_Exercise directions:_ Only the lines from the line that contains "Общий вид заседания. Фото: Зюи Линь Общий" through the final line of the entries below belong in your answer, copied exactly and without pictures.

_Material supplied:_

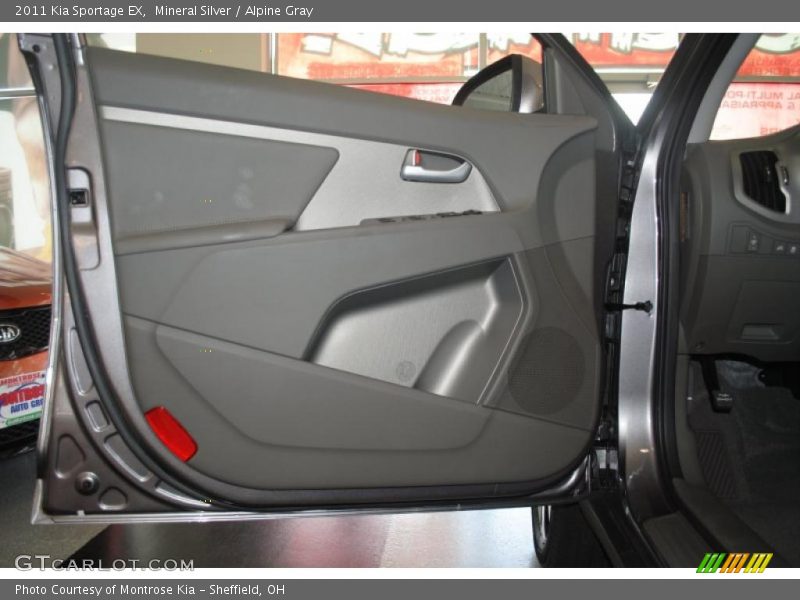 Mineral Silver / Alpine Gray 2011 Kia Sportage EX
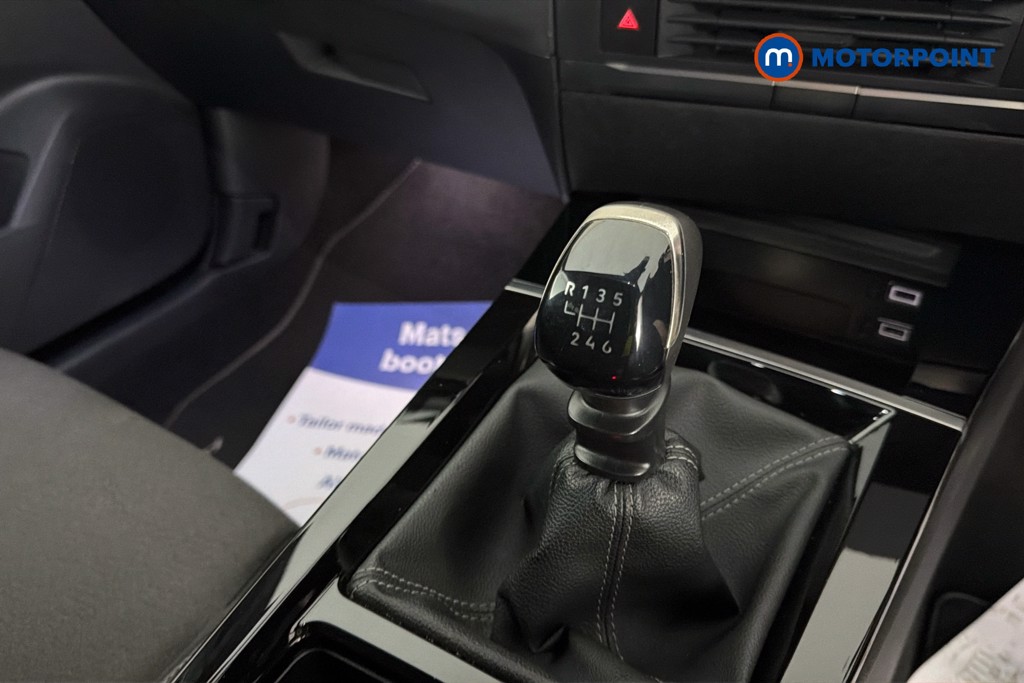 Vauxhall Astra GS Manual Petrol Hatchback - Stock Number (1669547) - 14th supplementary image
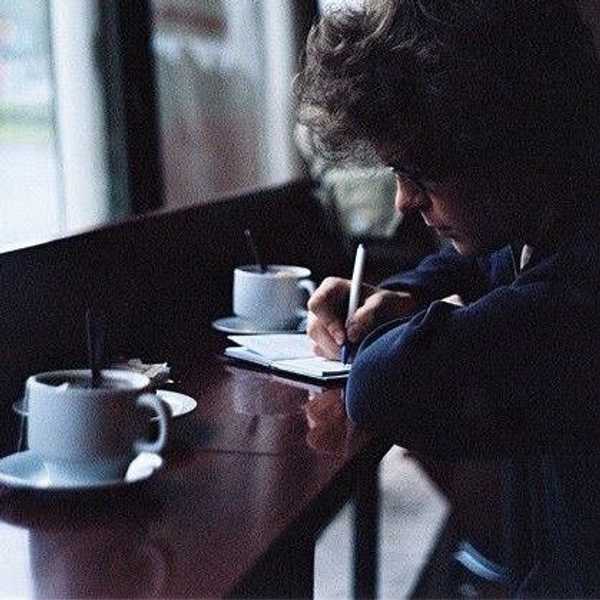 15 Signs That You're A Creative Writer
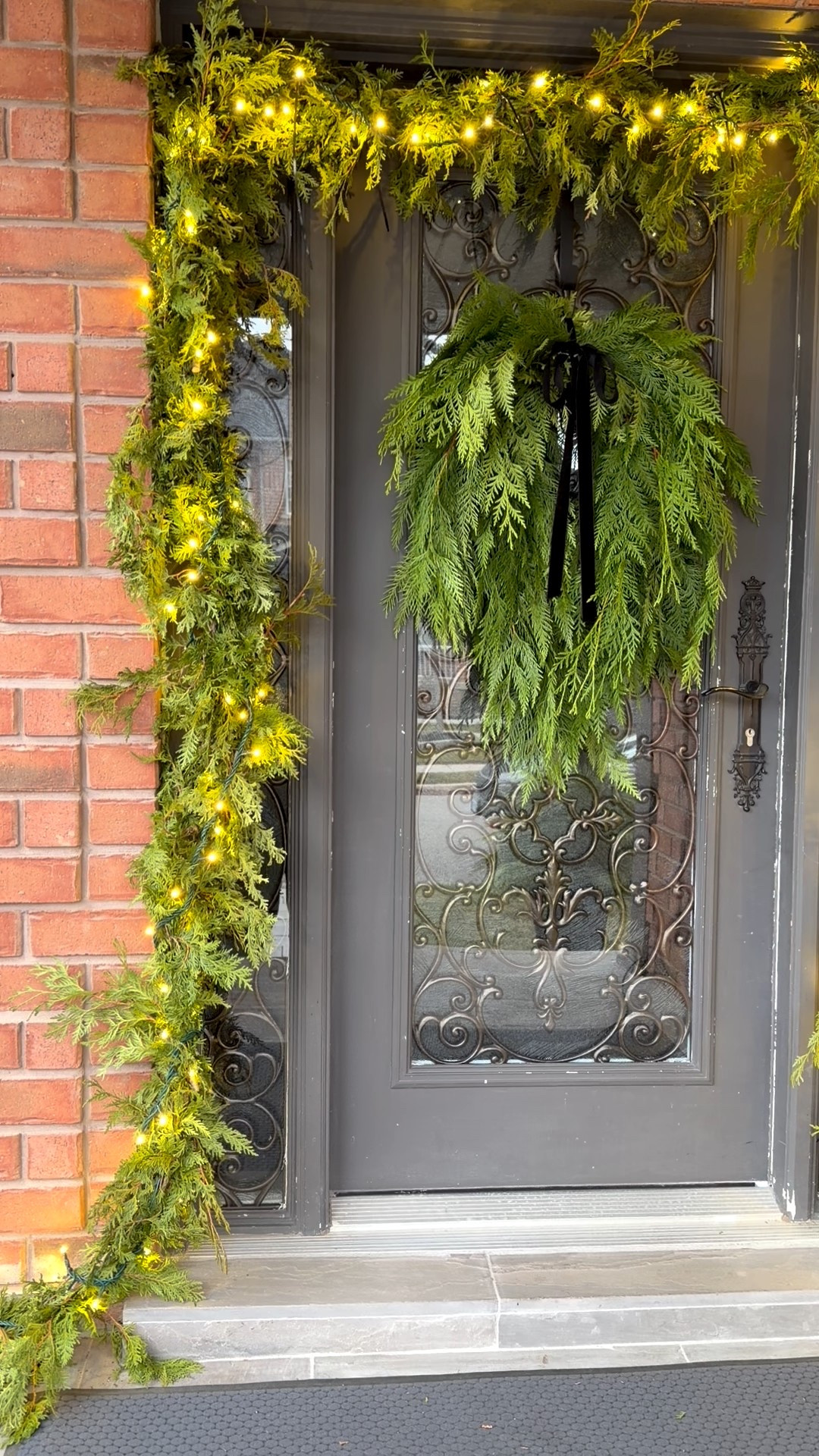 These twinkling lights are the magic of Christmas I swear! 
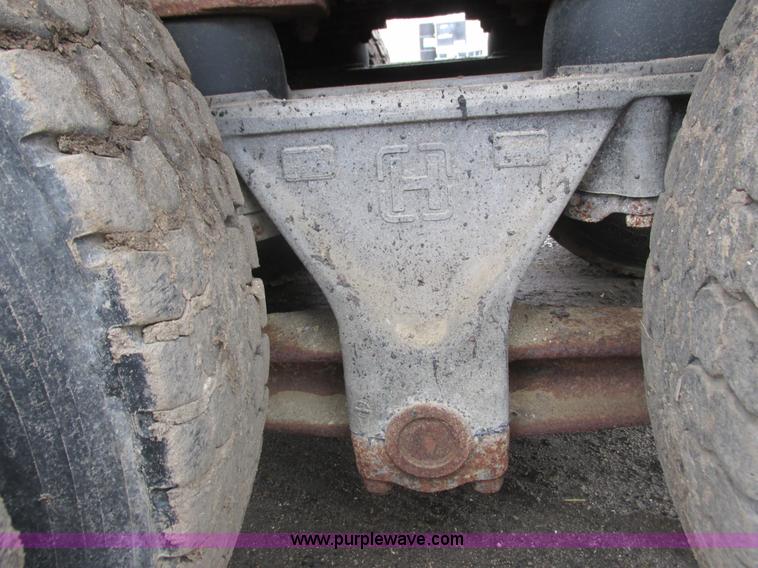 image for item L3895 1995 Ford LT8000 dump truck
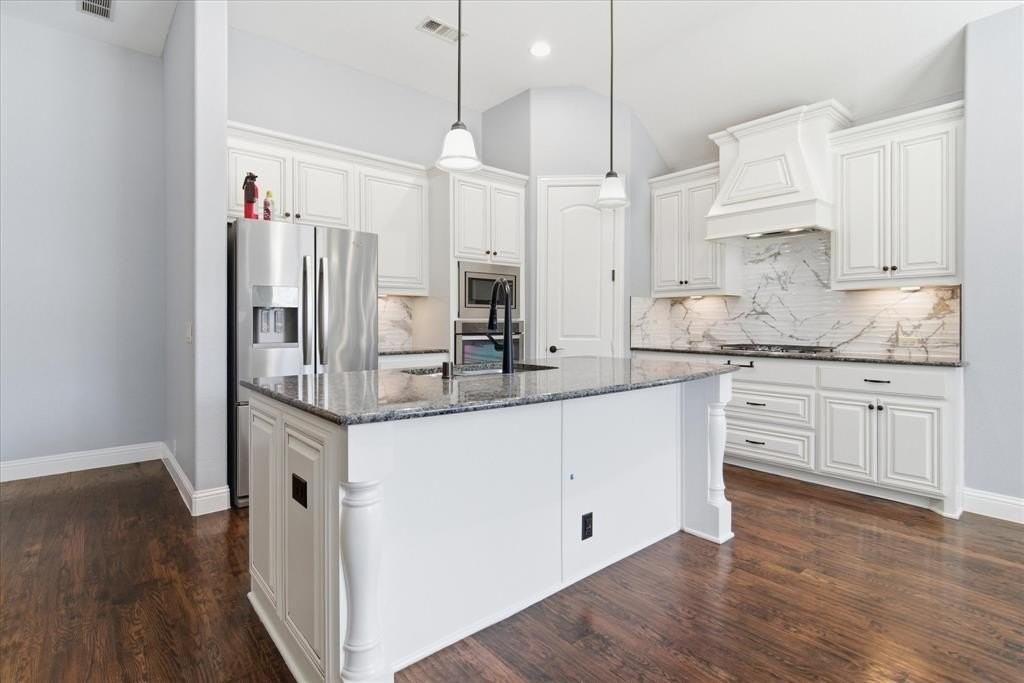 2324 Lynbridge Cir - Photo 4 of 16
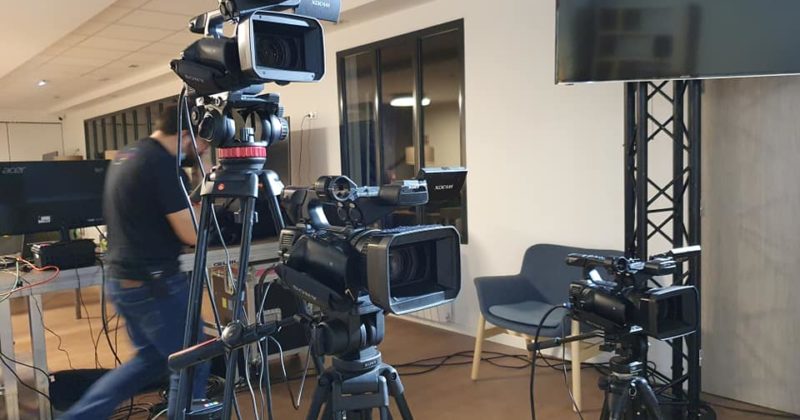 Équipement audiovisuel installé pour l'assemblée générale du 12 décembre 2020 en Essonne, avec caméras et écrans.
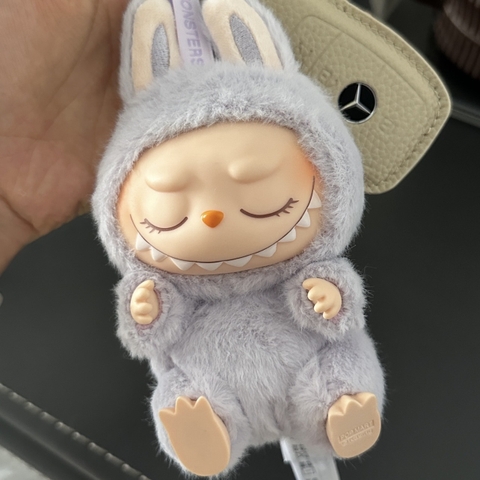 1153 - Gấu Bông Art Toy Labubu ZIZI Have A Seat - POP MART The Monsters Have A Seat Vinyl Plush Labubu Macaron V2- Code 6941848280091 [HÀNG CHÍNH HÃNG]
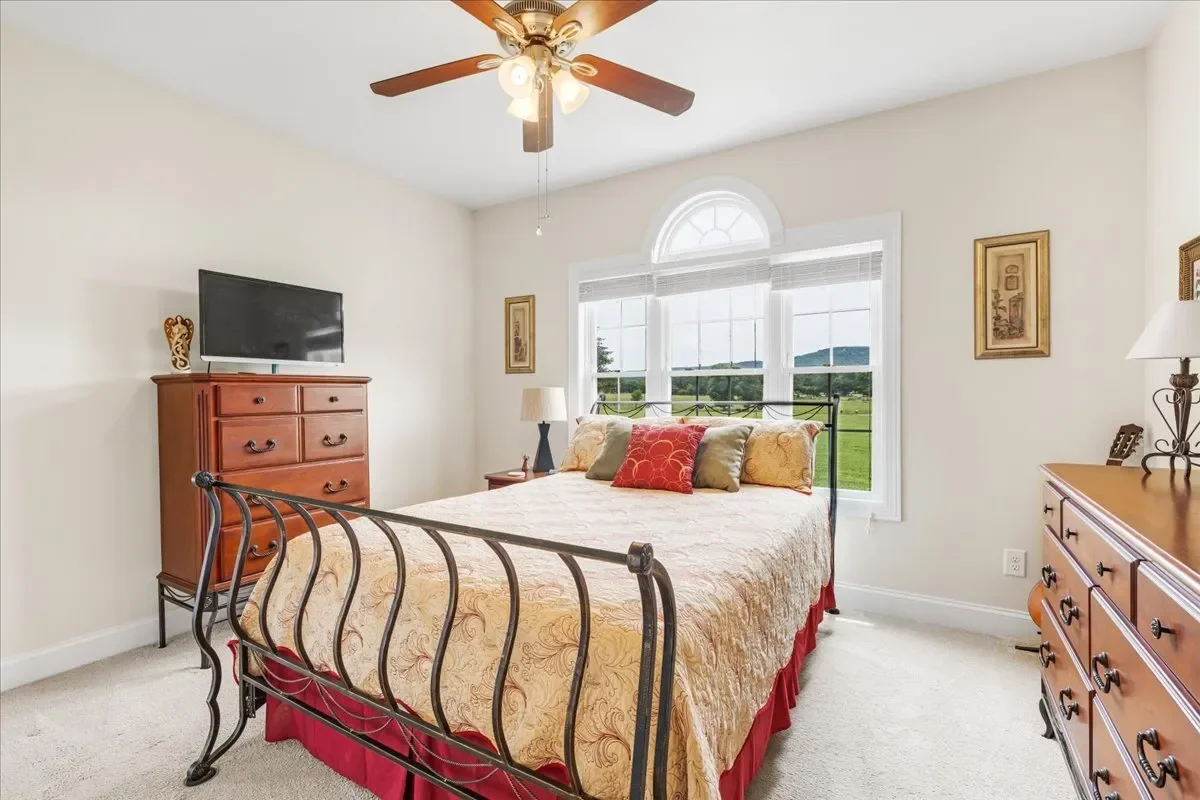 379 Hooper Road, Winchester, TN 37398, Estill Springs, Tennessee, United States. - Photo 13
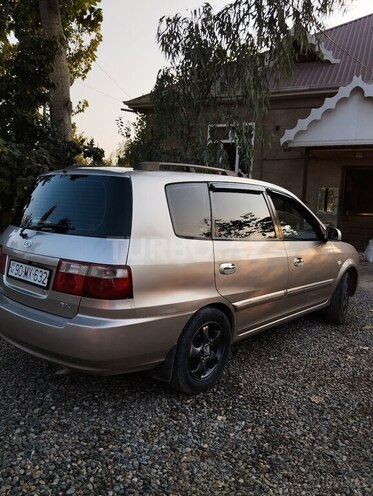Kia Carens 2004, 215,000 km - 2.0 l - Sabirabad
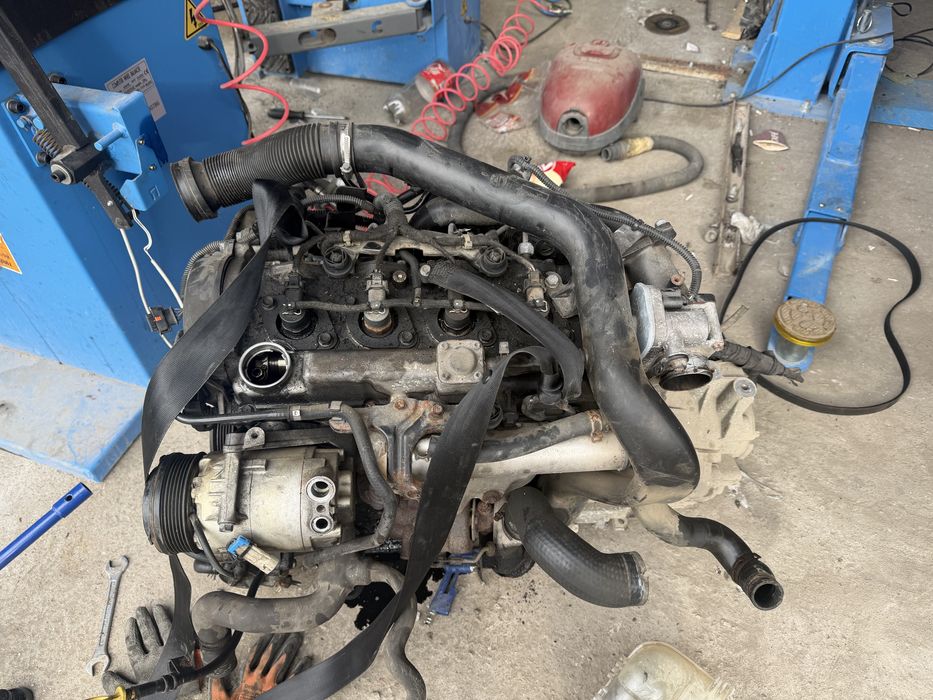 Оборудван двигатвл за опел астра Х 1.7 исуса  2005 Г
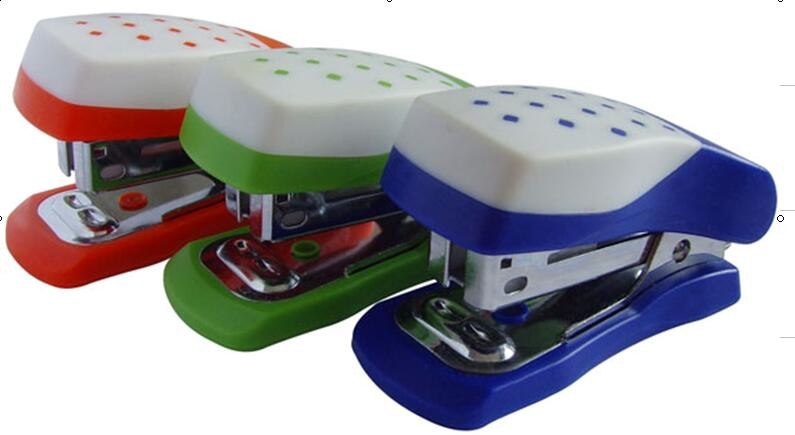 Color Assorted Metal and Plastic Material Mini Stapler For 12 Sheets Paper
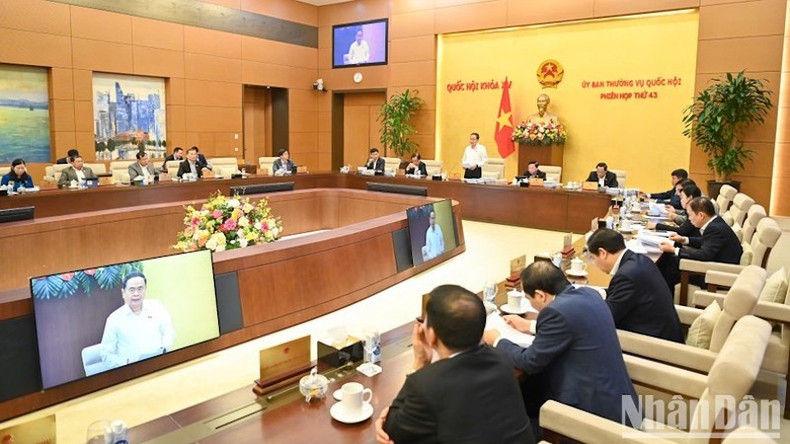 Общий вид заседания. Фото: Зюи Линь Общий вид заседания. Фото: Зюи Линь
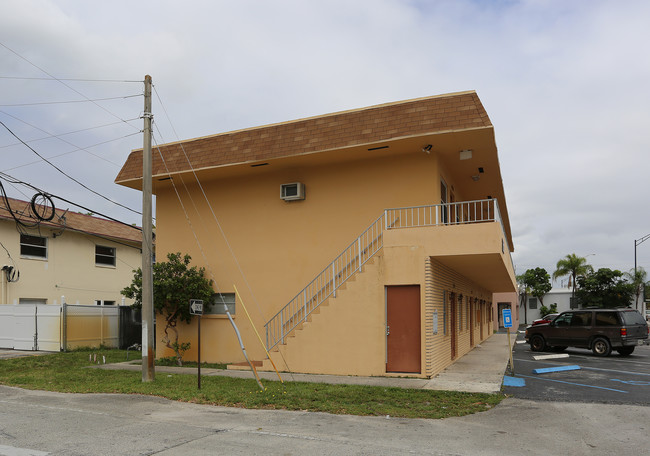 3611 N Dixie Hwy in Oakland Park, FL - Building Photo - Building Photo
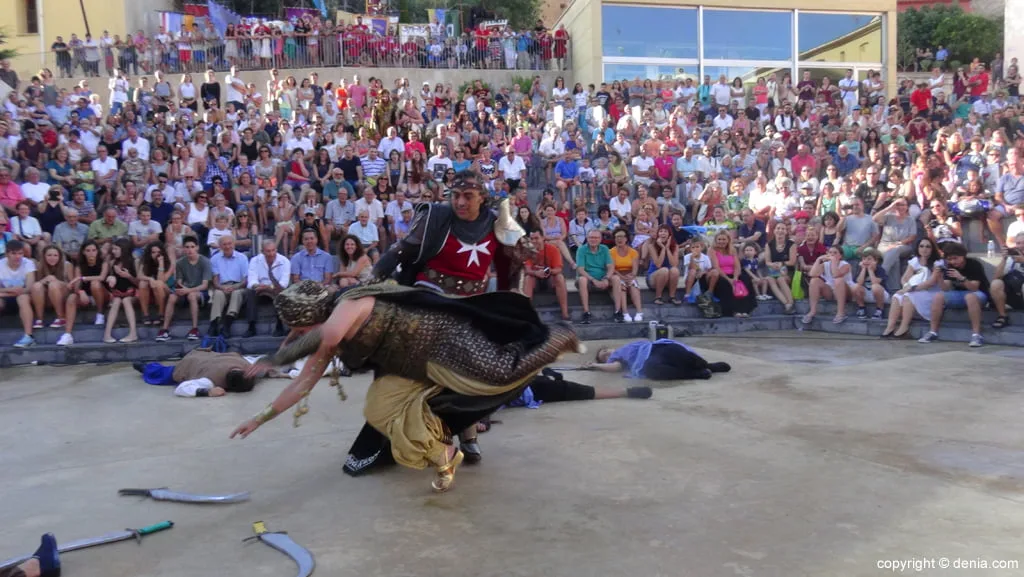 Programa de fiestas Moros y Cristianos Dénia 2016: Martes 16 de agosto 1 Batalla Moros y Cristianos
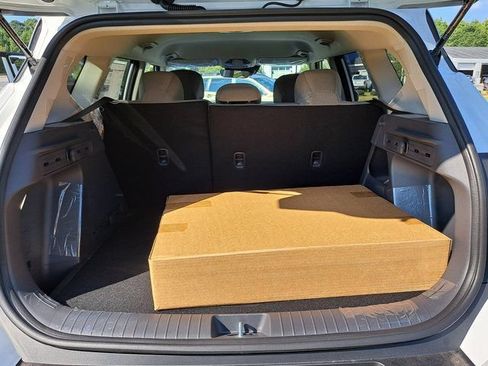 New 2027 Kia Seltos LX FWD image 14
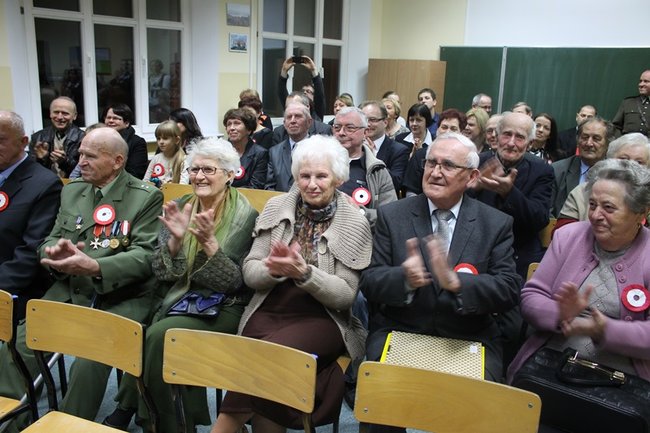 Pamiętają o bohaterach - zdjęcia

_Answer to this task:_
 Общий вид заседания. Фото: Зюи Линь Общий вид заседания. Фото: Зюи Линь
 3611 N Dixie Hwy in Oakland Park, FL - Building Photo - Building Photo
 Programa de fiestas Moros y Cristianos Dénia 2016: Martes 16 de agosto 1 Batalla Moros y Cristianos
 New 2027 Kia Seltos LX FWD image 14
 Pamiętają o bohaterach - zdjęcia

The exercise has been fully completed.